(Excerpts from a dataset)
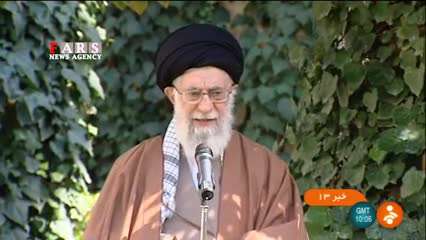 غرس دو نهال میوه توسط رهبر انقلاب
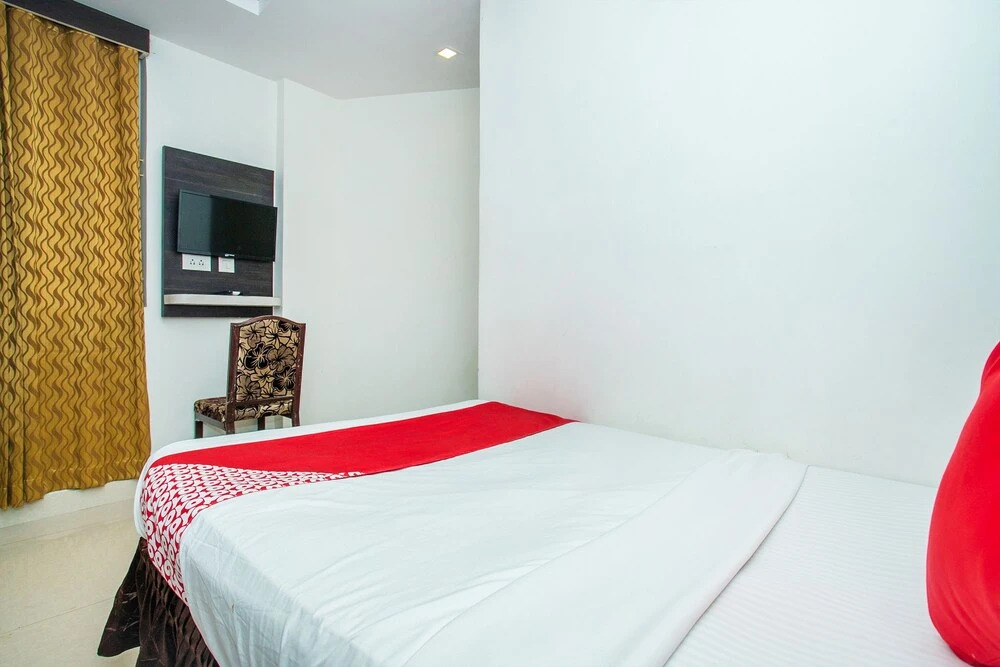 OYO 5641 Hotel Corporate Park Inn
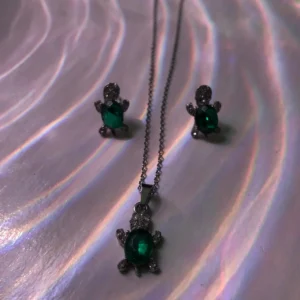 Turtle locket with Ear Studs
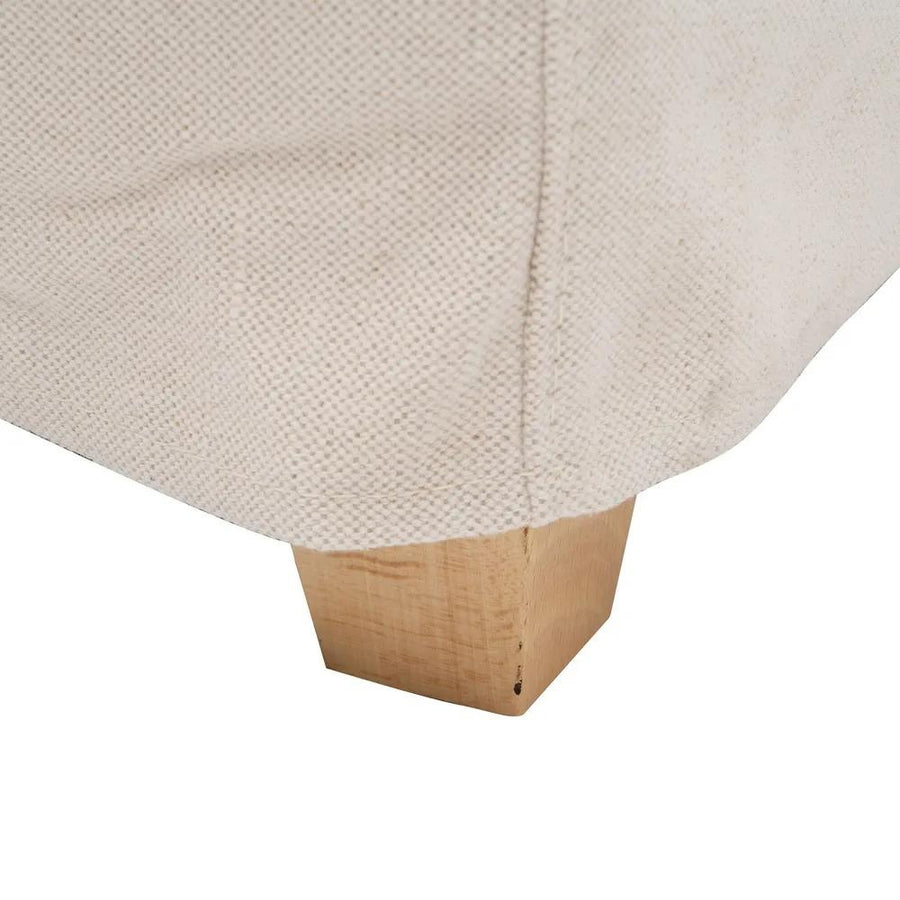 Bézs színű pamutvászon kárpitozású, kényelmes párnákkal ellátott kortárs kanapé..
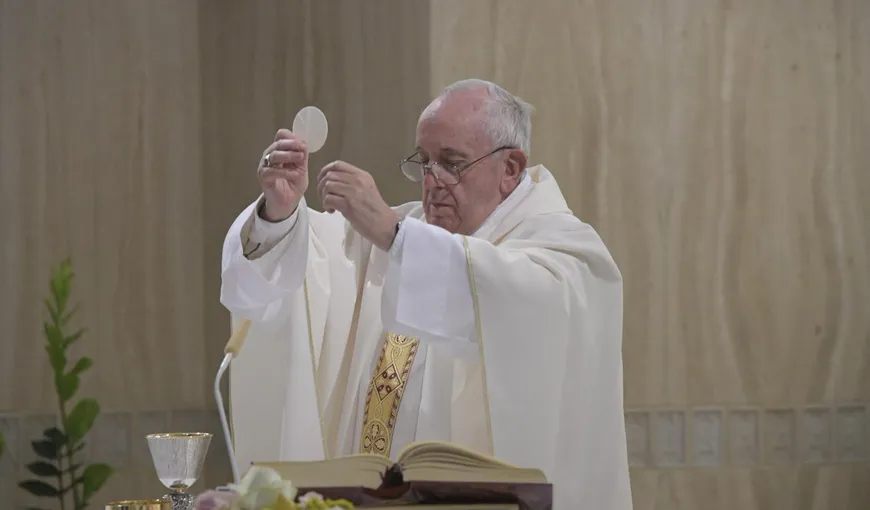 Papa Francisc, mesaj înainte de venirea în România: „Vă rog, rugaţi-vă pentru mine”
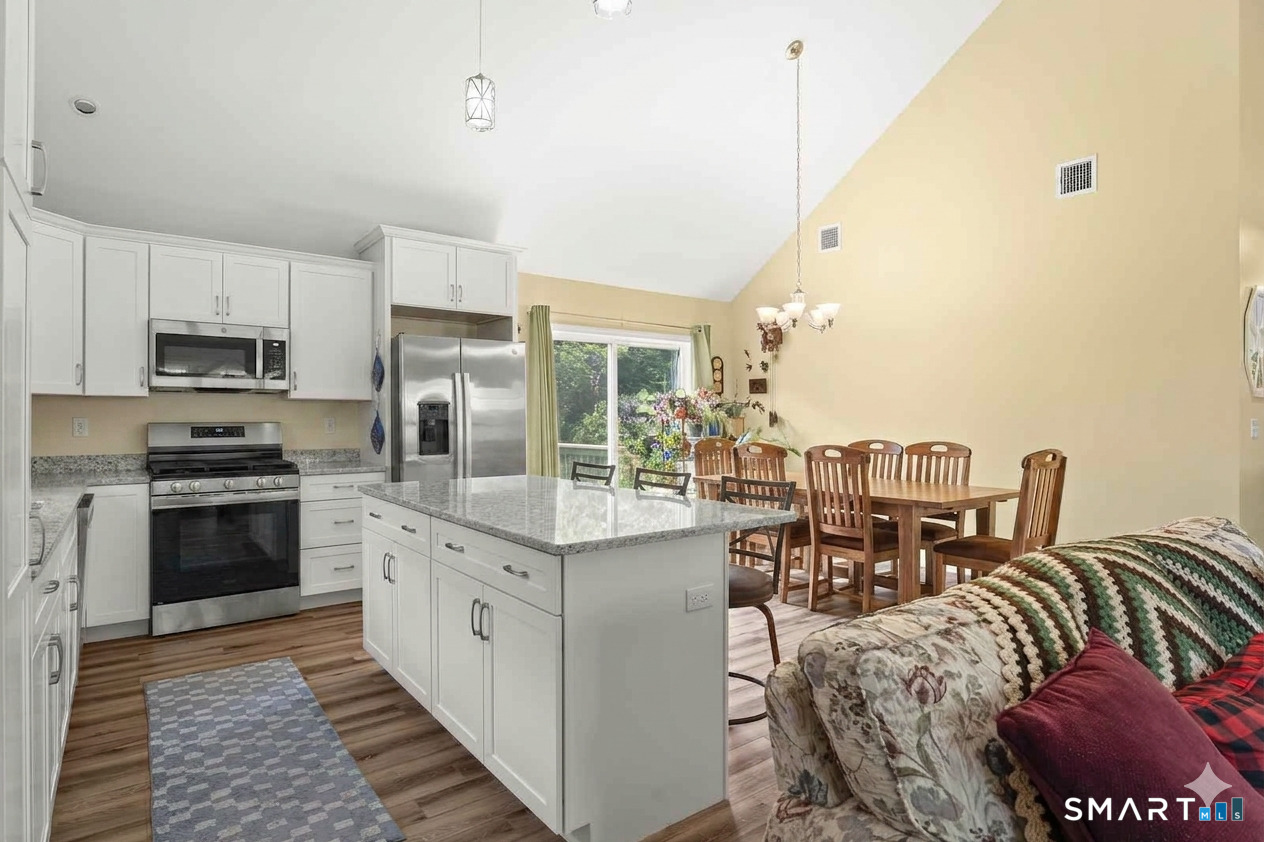 89 Lisbon Road Canterbury, CT 06331 - Photo 5 of 14 Gallery Image 5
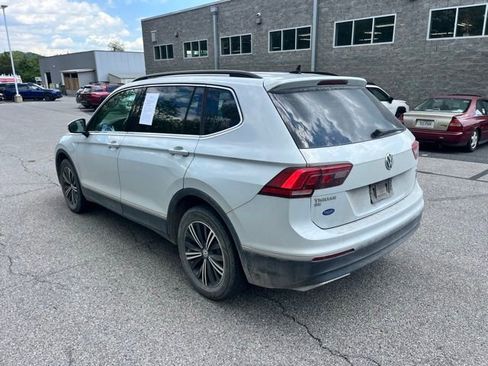 Used 2018 Volkswagen Tiguan SE w/ 18" Alloy Wheels Package AWD/4WD image 5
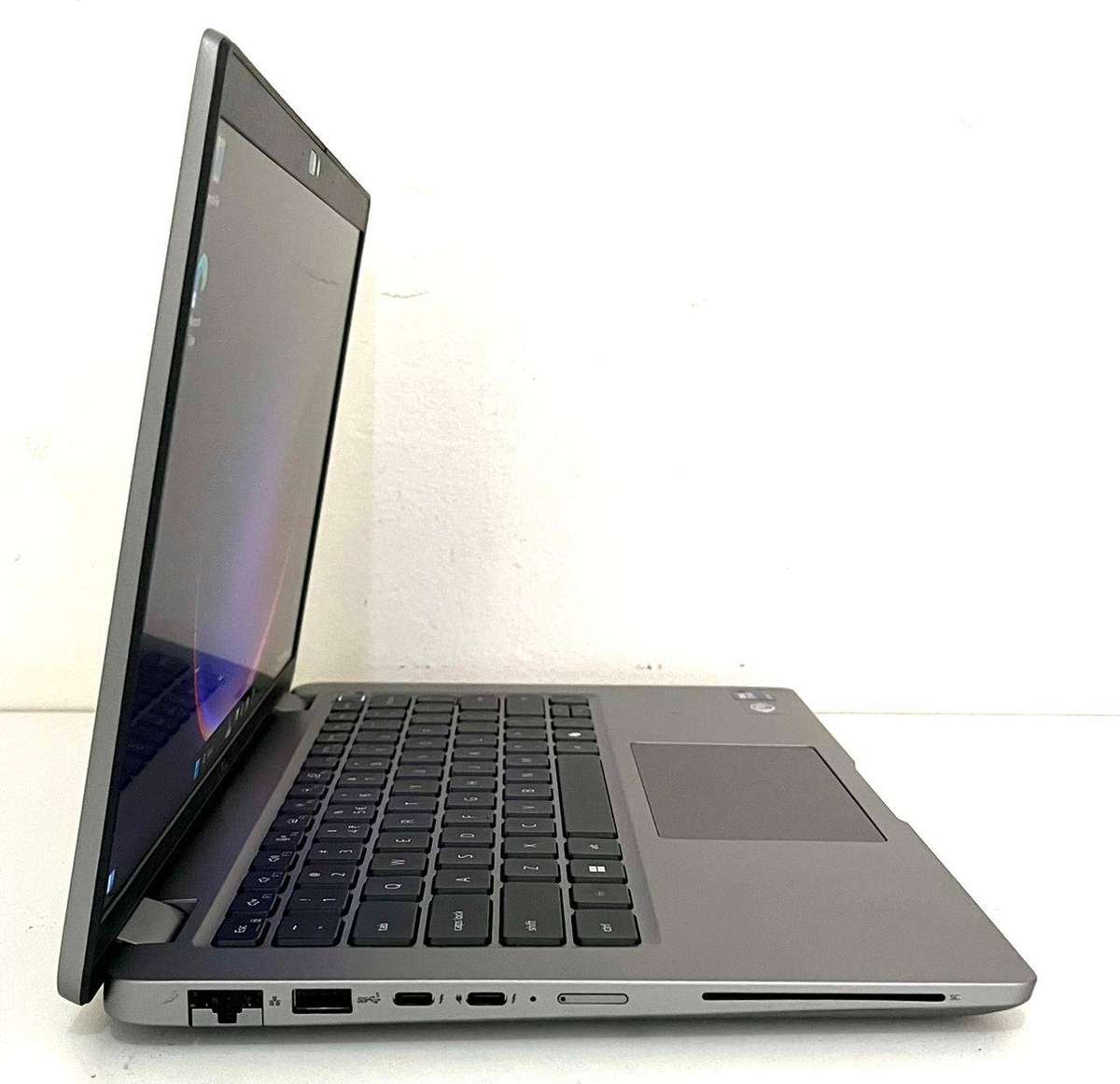 Dell Lattitude 5450 14" Core Ultra 7 155U 16gb DDR5 1Tb (1000gb) SSD Dell Warranty up to March 2028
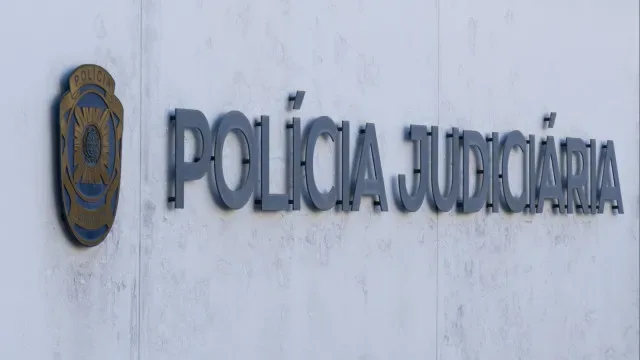 PJ faz buscas ao Banco Carregosa e Banco Angolano de Investimentos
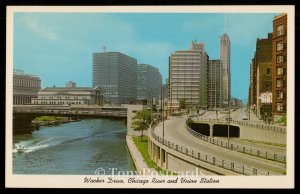 Wacker Drive, Chicago River and Union Station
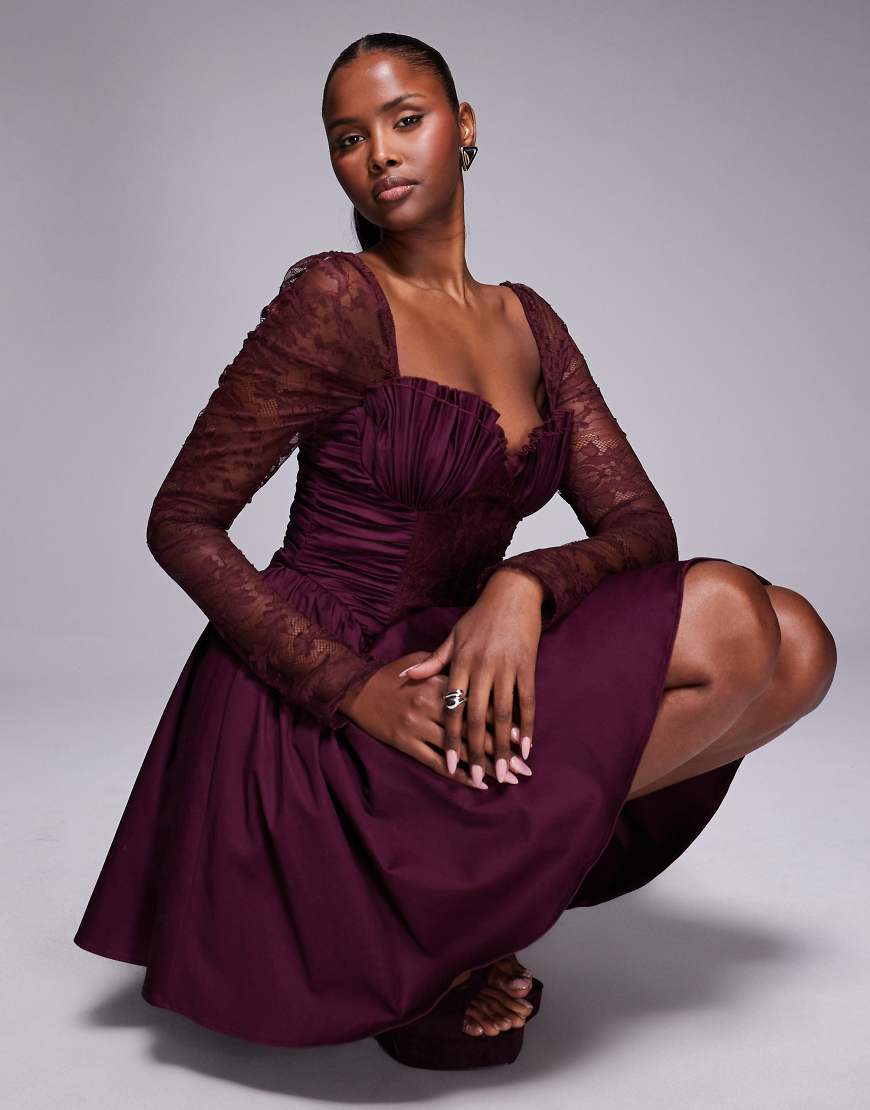 ASOS DESIGN - Strukturiertes Minikleid in Maulbeere mit Rüschensaum und gerafften, transparenten Ärmeln aus Spitze-Rot von ASOS DESIGN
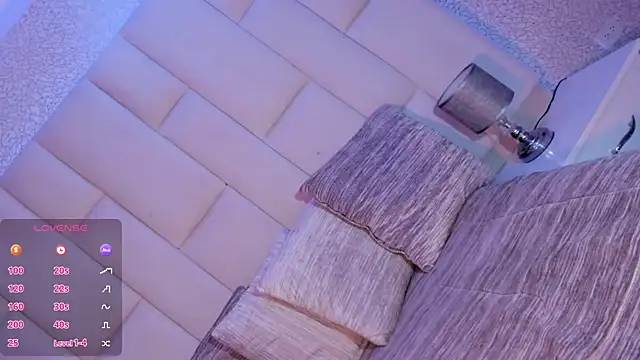 Summer walkerr online show from March 2026 01:00:01 PM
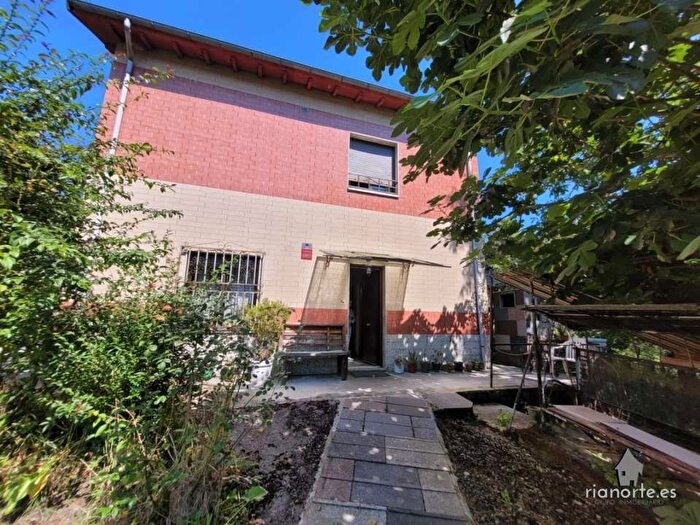 Casa en venta en La Felguera, Langreo de 4 habitaciones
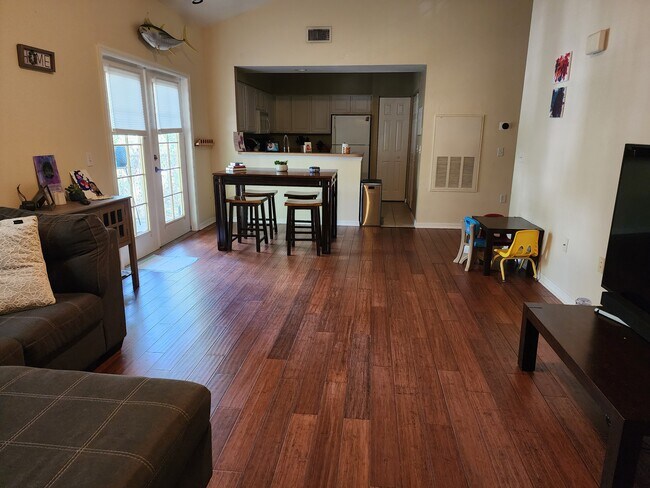 Livingroom - 4833 SW 91st Ter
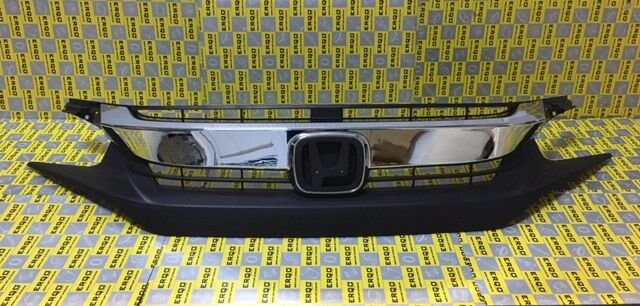 Honda Civic 2016-18 Ön Panjur Kromlu İthal.71121TEZT90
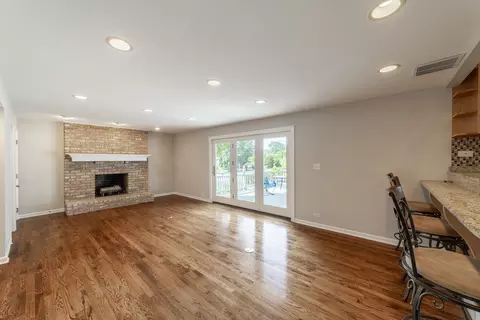 Living - 200 N Maple St, Addison, IL 60101 photo 5 of 13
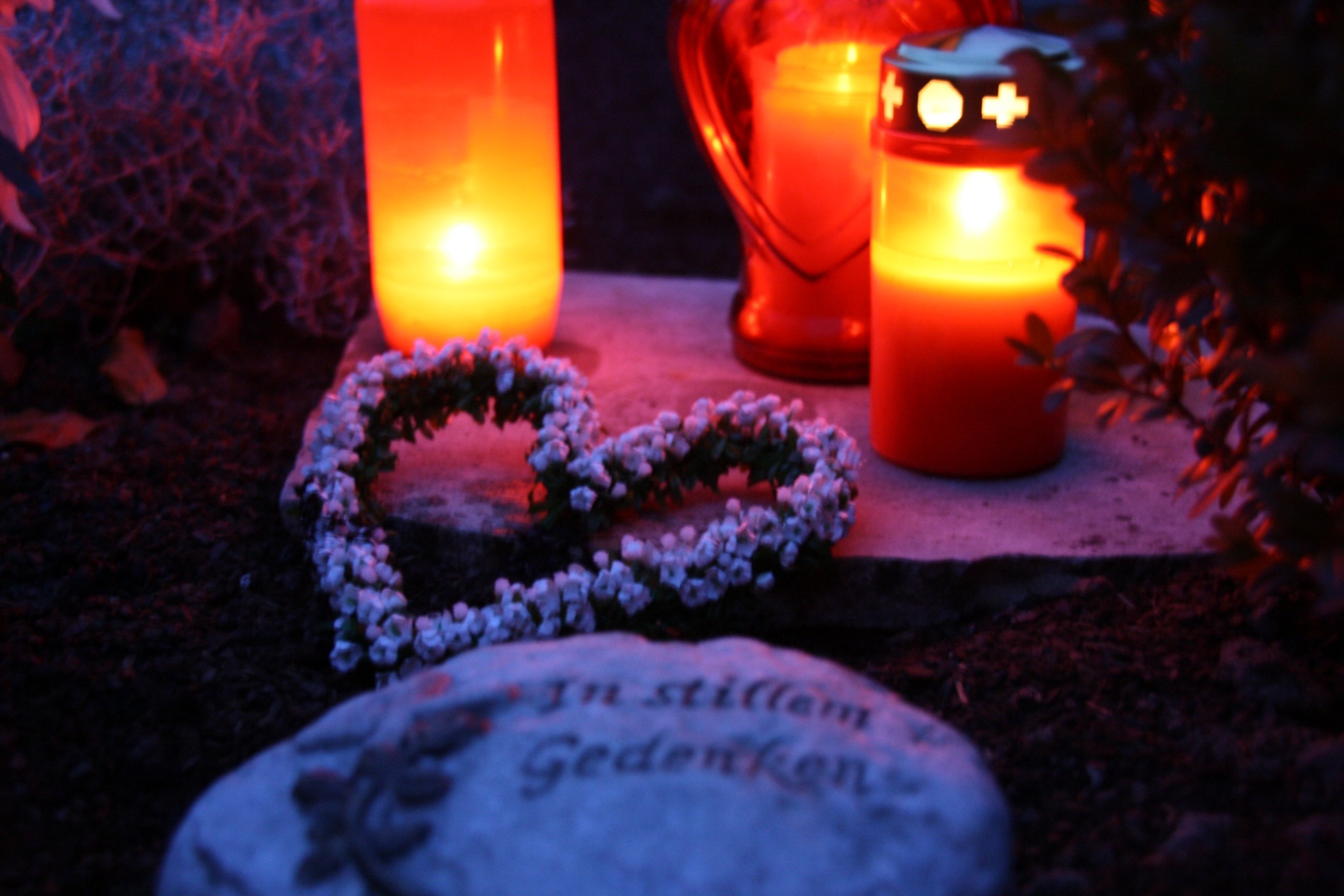 Allerheiligen ist ein hoher katholischer Feiertag und wird jedes Jahr am 1. November begangen.  An Allerseelen (lateinisch [Dies] in commemoratione omnium fidelium defunctorum, „Tag des Gedenkens an alle verstorbenen Gläubigen“) begeht die römisch-katholische Kirche das Gedächtnis ihrer Verstorbenen. Das Gedächtnis aller Seelen wird im Kirchenjahr am 2. November begangen, einen Tag nach dem Hochfest Allerheiligen.  Inschrift In stillem Gedenken Grabschmuck mit Herz und Stein   Brennende Kerzen auf den Gräbern, ein Besuch auf dem Friedhof, Gräbersegnungen, Totengedenken Ex-Bild-DB-ID: 3071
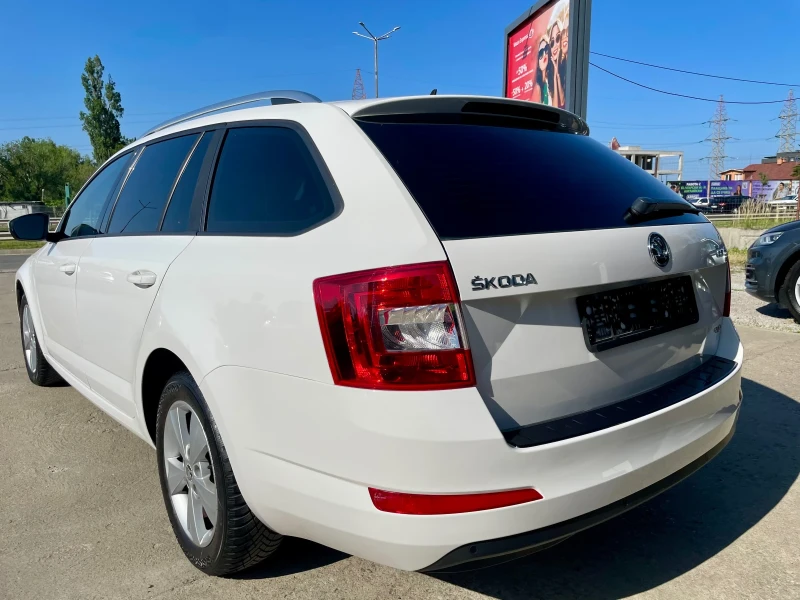 Skoda Octavia 1.8 TSi 4x4 Автоматик Навигация Швейцария, снимка 3 - Автомобили и джипове - 50650469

Exercise: Repeat all of the data above word for word, minus the pictures.

Result for this exercise:
 غرس دو نهال میوه توسط رهبر انقلاب
 OYO 5641 Hotel Corporate Park Inn
 Turtle locket with Ear Studs
 Bézs színű pamutvászon kárpitozású, kényelmes párnákkal ellátott kortárs kanapé..
 Papa Francisc, mesaj înainte de venirea în România: „Vă rog, rugaţi-vă pentru mine”
 89 Lisbon Road Canterbury, CT 06331 - Photo 5 of 14 Gallery Image 5
 Used 2018 Volkswagen Tiguan SE w/ 18" Alloy Wheels Package AWD/4WD image 5
 Dell Lattitude 5450 14" Core Ultra 7 155U 16gb DDR5 1Tb (1000gb) SSD Dell Warranty up to March 2028
 PJ faz buscas ao Banco Carregosa e Banco Angolano de Investimentos
 Wacker Drive, Chicago River and Union Station
 ASOS DESIGN - Strukturiertes Minikleid in Maulbeere mit Rüschensaum und gerafften, transparenten Ärmeln aus Spitze-Rot von ASOS DESIGN
 Summer walkerr online show from March 2026 01:00:01 PM
 Casa en venta en La Felguera, Langreo de 4 habitaciones
 Livingroom - 4833 SW 91st Ter
 Honda Civic 2016-18 Ön Panjur Kromlu İthal.71121TEZT90
 Living - 200 N Maple St, Addison, IL 60101 photo 5 of 13
 Allerheiligen ist ein hoher katholischer Feiertag und wird jedes Jahr am 1. November begangen.  An Allerseelen (lateinisch [Dies] in commemoratione omnium fidelium defunctorum, „Tag des Gedenkens an alle verstorbenen Gläubigen“) begeht die römisch-katholische Kirche das Gedächtnis ihrer Verstorbenen. Das Gedächtnis aller Seelen wird im Kirchenjahr am 2. November begangen, einen Tag nach dem Hochfest Allerheiligen.  Inschrift In stillem Gedenken Grabschmuck mit Herz und Stein   Brennende Kerzen auf den Gräbern, ein Besuch auf dem Friedhof, Gräbersegnungen, Totengedenken Ex-Bild-DB-ID: 3071
 Skoda Octavia 1.8 TSi 4x4 Автоматик Навигация Швейцария, снимка 3 - Автомобили и джипове - 50650469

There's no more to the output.